Para superar estes problemas, os Bancos Multilaterais de Desenvolvimento (BMD) devem estabelecer mecanismos de financiamento que permitam compras de risco numa pandemia, bem como mecanismos para que os países de rendimentos elevados reduzam o risco destes empréstimos. Ao contrário das doações e compromissos de vacinas durante a covid-19, que foram um pouco tarde demais, estas medidas proporcionariam, na verdade, aos PBMR recursos suficientes para responder à próxima pandemia.
Quando os PBMR necessitam adquirir vacinas, terapêuticas e diagnósticos à escala necessária para combater uma pandemia, os BMD são a sua única fonte realista de financiamento. Mas as atuais regras de aquisição impedem a compra destas contramedidas em risco. As regras devem, portanto, ser revistas para permitir tais compras, em reconhecimento dos desafios únicos de uma crise sanitária global. Os BMD também podem coordenar-se com as partes interessadas para criar modelos de contratos de aquisição e estabelecer quadros de indemnização e responsabilidade para agilizar processos e minimizar atrasos.

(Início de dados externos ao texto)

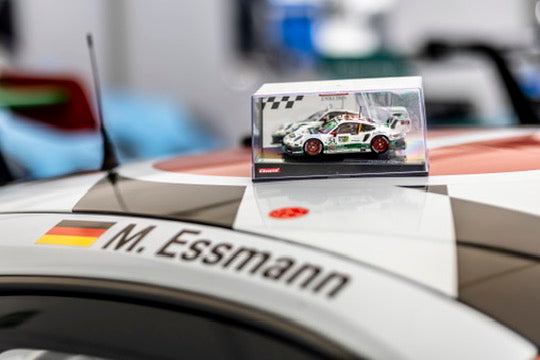 Carrera Digital 132 #54 Porsche 911 RSR CarTech Motorsport Bonk 20032042 | Fan-Paket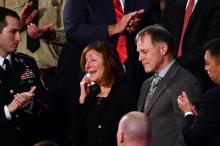 Frederick et Cynthia Warmbier, les parents d'Otto Warmbier, un étudiant américain décédé peu après sa libération d'une prison nord-coréenne en juin 2017, sont applaudis lors du discours du président D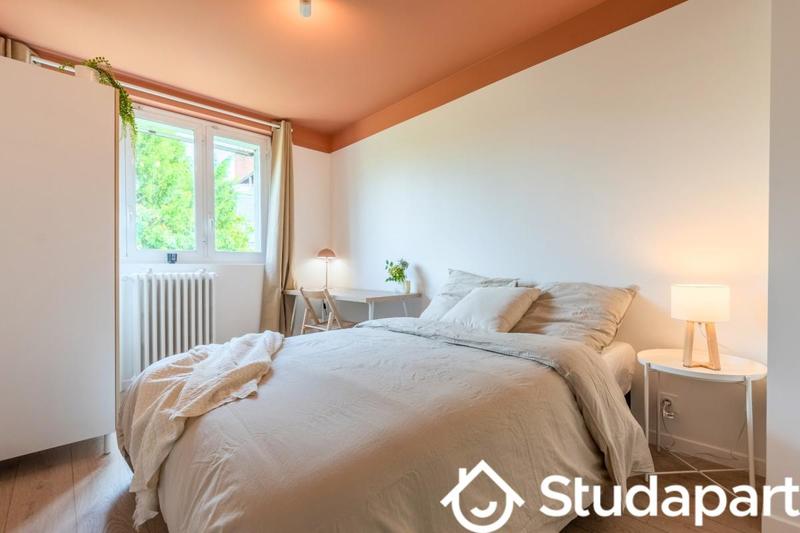 Chambre - 11 m² - 1 pièce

Os países de rendimentos elevados podem ajudar, garantindo estes empréstimos caso as vacinas candidatas falhem. Isto reduziria o risco financeiro para os PBMR e aliviaria as preocupações dos políticos sobre a sua potencial responsabilidade. Em troca deste peso relativamente modesto nos seus Orçamentos, os países de rendimentos elevados podem facilitar investimentos significativos que prometem benefícios substanciais para a Saúde Global e grandes retornos económicos. Durante a covid-19, muitos de nós no Governo do Reino Unido reconhecemos que esta era uma das formas mais eficazes de utilizar o nosso dinheiro de ajuda limitado e até propusemos tal medida, sem sucesso.
A covid-19 ensinou-nos que o desenvolvimento de novos mecanismos no meio de uma pandemia é praticamente impossível. Os decisores políticos internacionais devem estabelecer agora os quadros necessários para garantir que os PBMR possam adquirir contramedidas médicas de risco na próxima pandemia, a fim de encurtar a sua duração e melhorar o acesso equitativo aos cuidados de saúde. Como mostra o nosso trabalho no Market Shaping Accelerator da Universidade de Chicago, qualquer atraso arrisca milhões de vidas e biliões de dólares.